How To Produce The Right Ideas

The phrase 'thinking up an idea' is a common one. It is certainly fair to say that thinking, to most people, is the chief, if not the only factor that occurs to them when the job of producing an idea presents itself. How then, should one think? Have you ever thought about thinking? Surely a subject on which so much depends, deserves at least a very brief survey of some common pitfalls before we get down to actual idea production.

The highest level of thinking, of course, is performed by the creative thinker. He is the one who works over what enters his head. In creative thinking, prosaic facts, abstract questions, and oddities of information are transformed into fine literature, cures for dreadful diseases, and ideas which may change the way the world goes.

Most people do not even know that when they are confronted with a problem to solve, they have to do certain things in a certain order to solve it. Thinking in some respects resembles cooking. The thinker must follow a formula just as the cook follows a recipe.

There is a regular order in which the ingredients are added and prepared. Proper combinations are made, proper timing is considered. The dinner suffers if instead of soup, a delicious dessert is brought in before the roast. The thinker must produce not the right answer to the wrong question but to the right one.

To produce a specific idea for a definite purpose you must first state your problem in definite terms. All too often the wrong problem is tackled, and as a result, no matter how good the ideas devised to solve it, they are necessarily ineffective.

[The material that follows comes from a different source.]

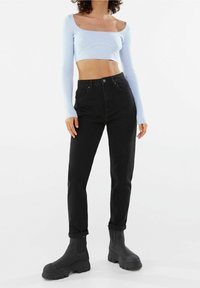 Kvinna i ljusblå långärmad croppad topp, höga svarta jeans som är uppvikta vid fållarna, och svarta kraftiga stövlar, som står mot en vit bakgrund.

Before putting a lot of work into the production of an idea, you should decide whether the problem you have definitely stated is worth solving. Getting an idea requires time, effort, and perhaps money as well. If these assets could solve some other problem that would produce greater advantages for the same time, effort and money, the problem you are considering now should be reserved for another time. In other words, it is worthwhile considering not only whether you are working on the right problem, but also whether you are doing it at the most favorable time.

There are other things to safeguard you in your thinking against the faults of being either uninformed or misinformed. In this connection you should realize that there is a certain amount of information necessary to the solution of every idea problem.

You must ask yourself how many of the necessary facts you already possess; how many more are readily available, either in books or through interviews; how much more can be obtained by reasonable effort, and how much is simply not to be had at all through any feasible effort. In addition, you must know not only how much of the needed information you either have or can obtain, but also how dependable and accurate it is and whether it is in a form which you can use.

Such questions have a connection in determining whether a problem should be solved, because the time factor is affected by them. Far too often these simple considerations of finding out whether you have enough information, and whether it is dependable, are completely overlooked.

A little time and effort, and you will always be examining the right problem and exactly in the right way.

Thinking involves many different components and evolves different for different people. To understand how thinking works, it must be examined how it develops. Use this article as a guide on how to understand the elements of thought.